▸ EXERCISE AIM: Exact copy, pictures excluded: the lines from the one containing "oQkTnnt4qdT5EYbMy0JAvJDfPTBYWzth300_300-1" to the end of the listing.

▸ EXERCISE MATERIAL:
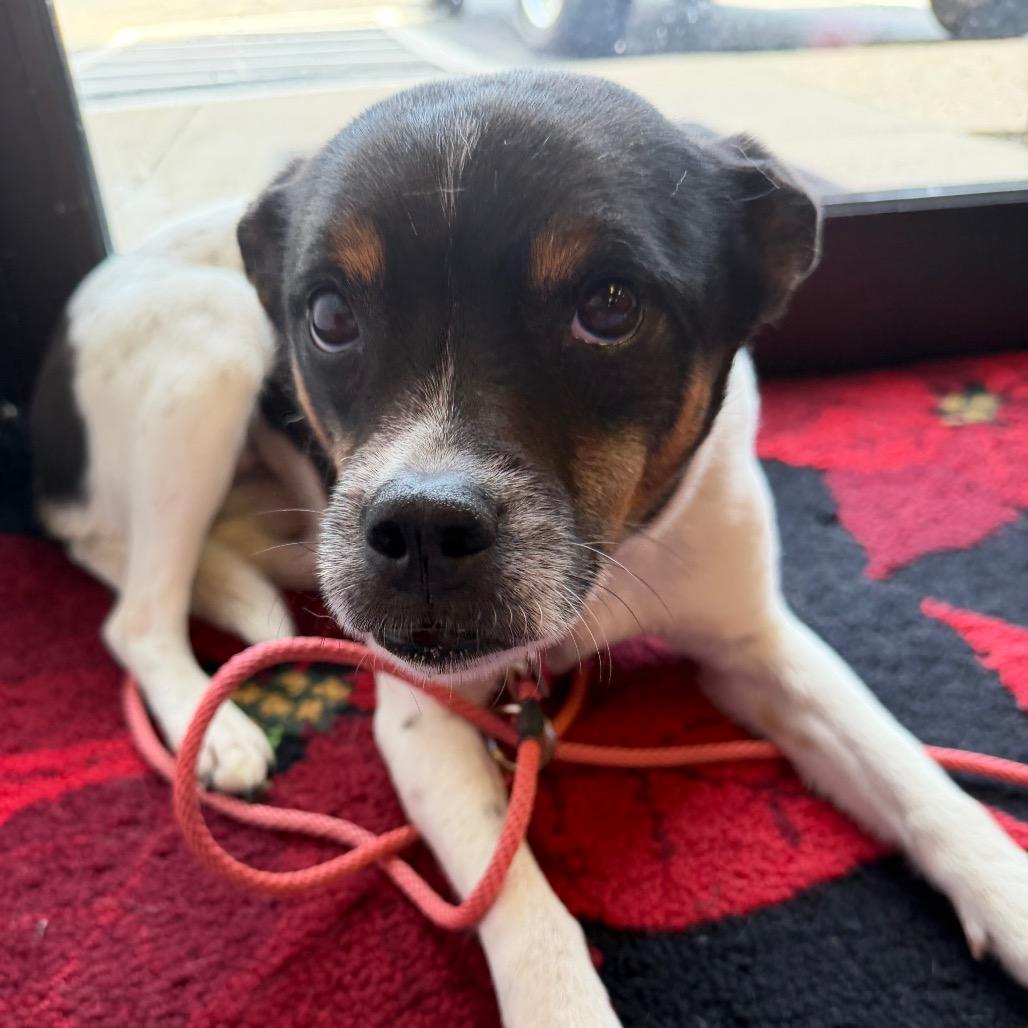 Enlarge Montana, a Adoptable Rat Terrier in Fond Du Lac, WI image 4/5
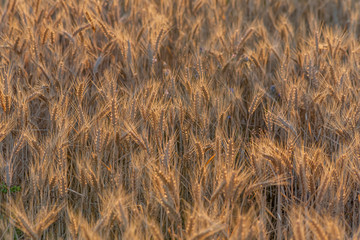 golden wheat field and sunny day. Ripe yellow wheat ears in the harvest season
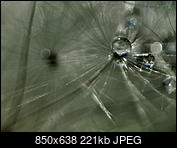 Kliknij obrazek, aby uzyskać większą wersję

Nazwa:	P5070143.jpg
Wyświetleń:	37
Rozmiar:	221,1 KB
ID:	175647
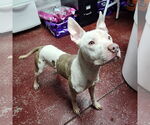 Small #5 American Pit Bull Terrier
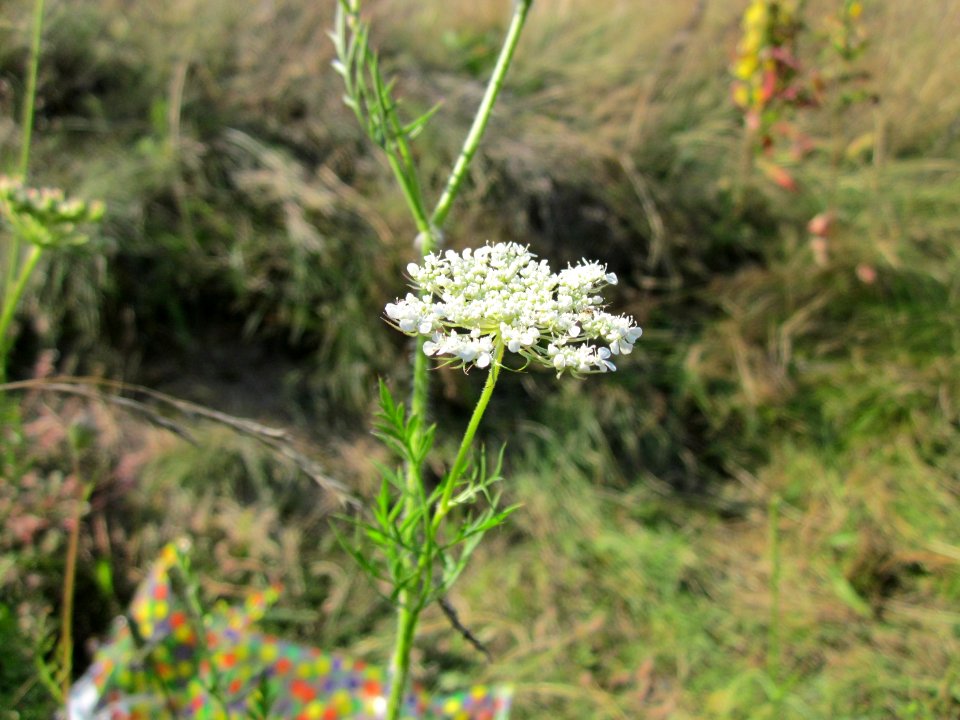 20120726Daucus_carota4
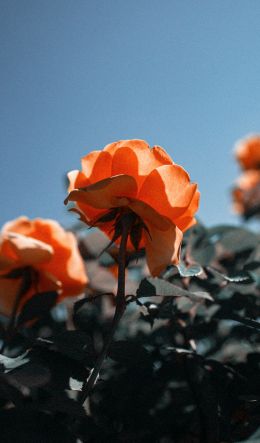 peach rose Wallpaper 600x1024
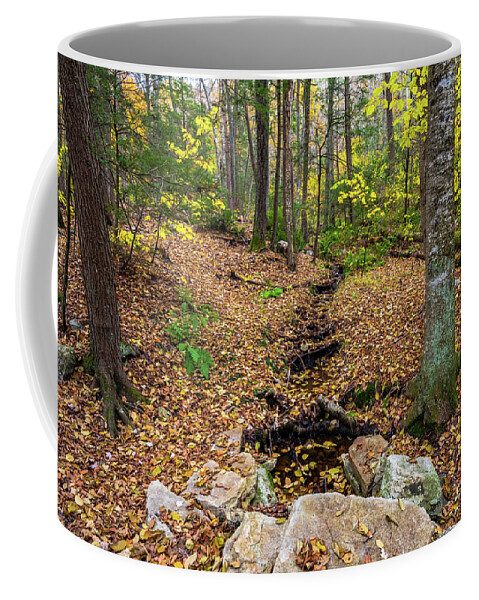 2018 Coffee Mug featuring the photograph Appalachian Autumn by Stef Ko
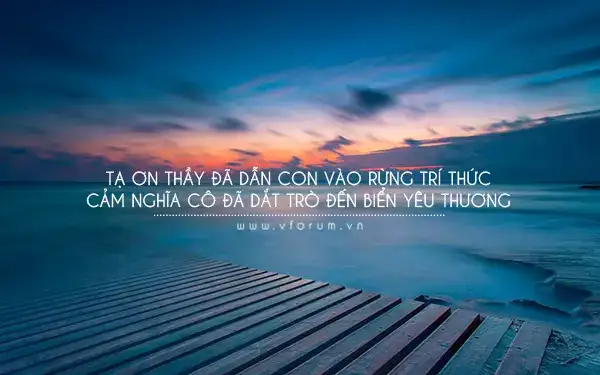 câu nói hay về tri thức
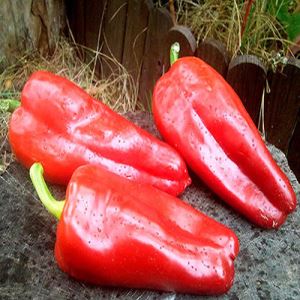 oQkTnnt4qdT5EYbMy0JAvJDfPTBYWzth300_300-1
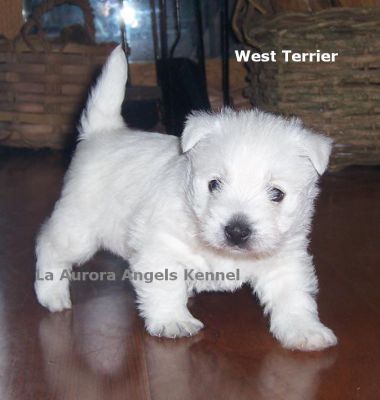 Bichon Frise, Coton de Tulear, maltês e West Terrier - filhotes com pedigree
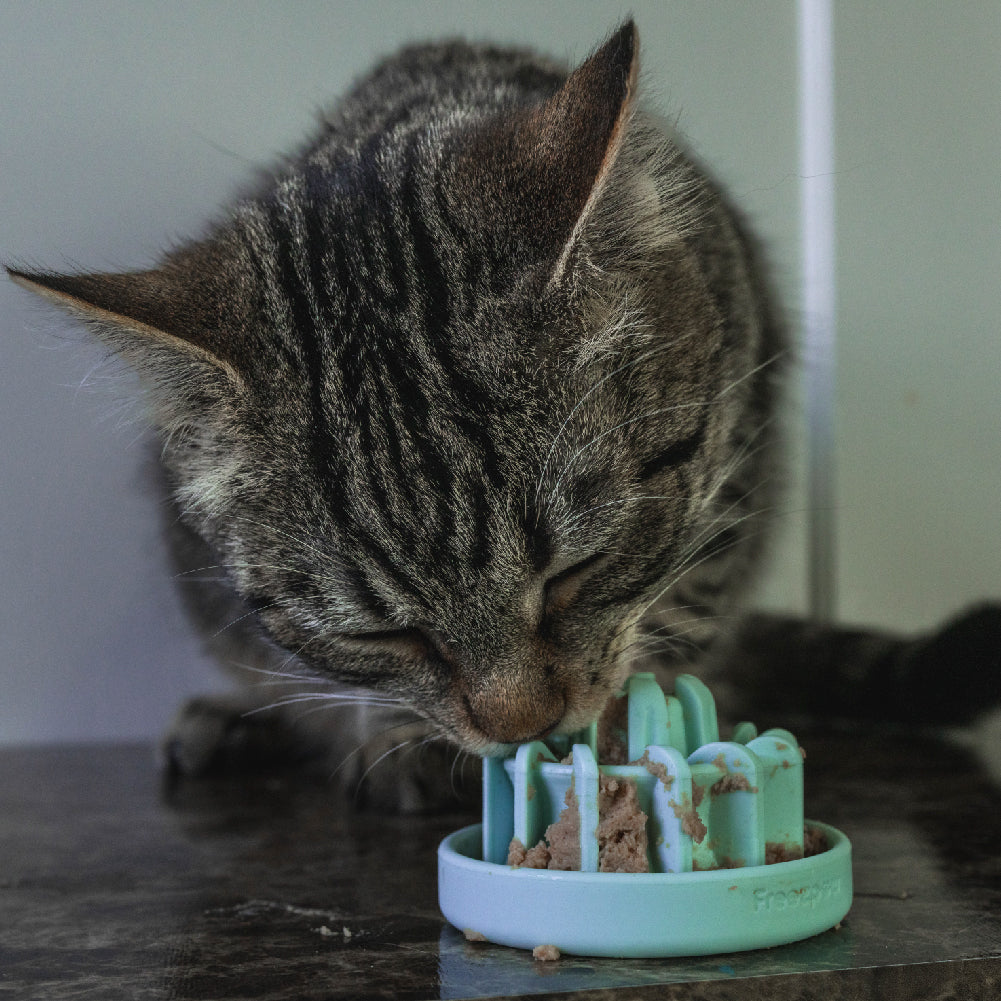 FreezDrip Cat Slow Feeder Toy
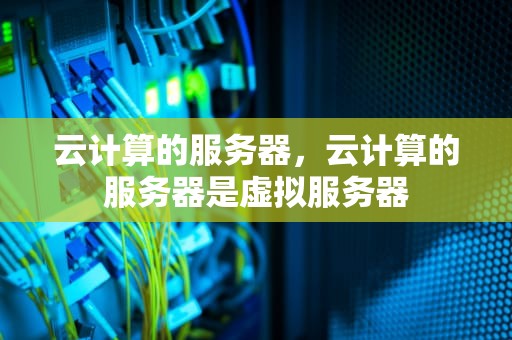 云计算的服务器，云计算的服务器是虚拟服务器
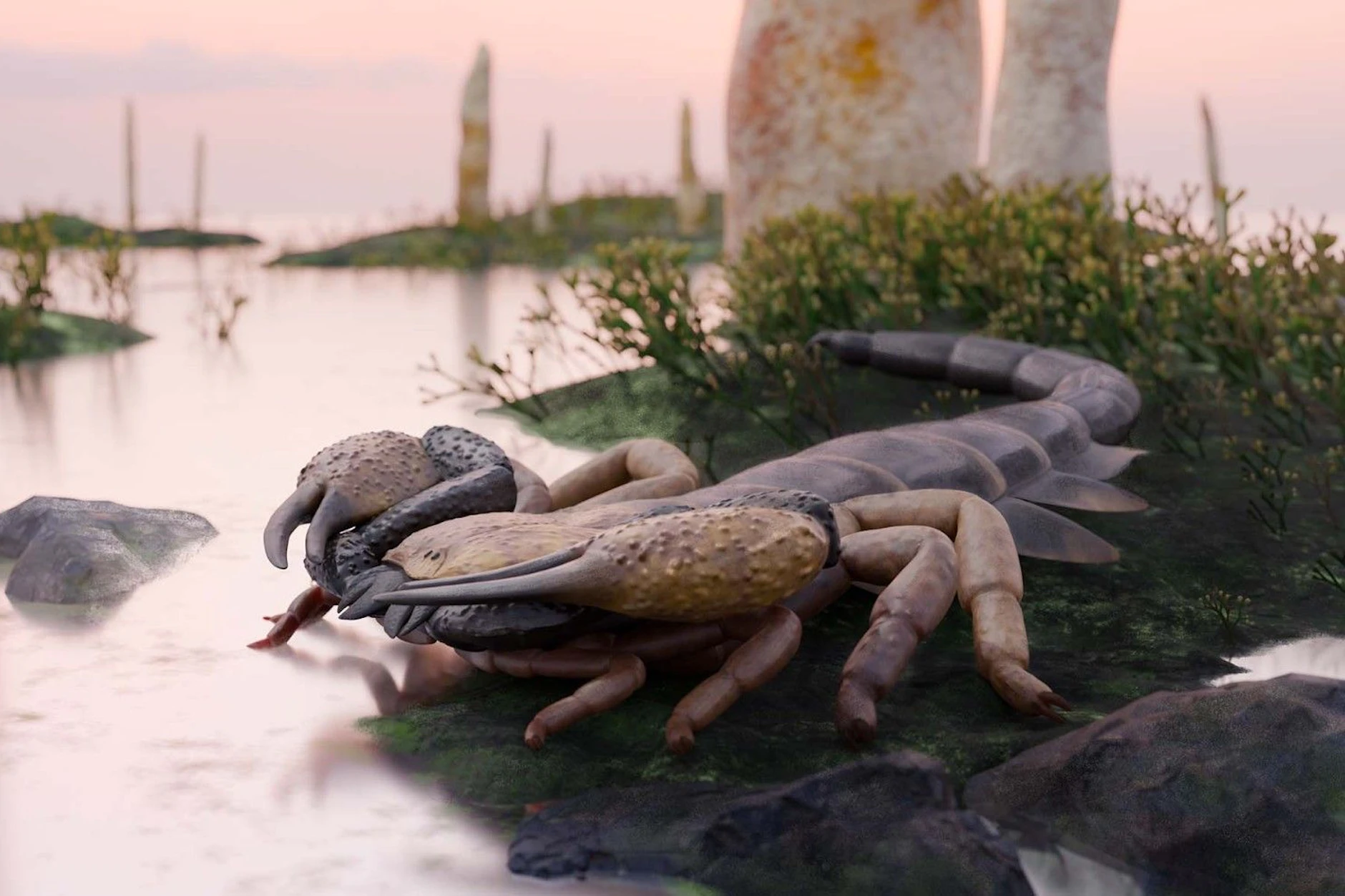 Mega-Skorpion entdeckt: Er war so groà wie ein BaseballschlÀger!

▸ COMPLETED EXERCISE:
 oQkTnnt4qdT5EYbMy0JAvJDfPTBYWzth300_300-1
 Bichon Frise, Coton de Tulear, maltês e West Terrier - filhotes com pedigree
 FreezDrip Cat Slow Feeder Toy
 云计算的服务器，云计算的服务器是虚拟服务器
 Mega-Skorpion entdeckt: Er war so groà wie ein BaseballschlÀger!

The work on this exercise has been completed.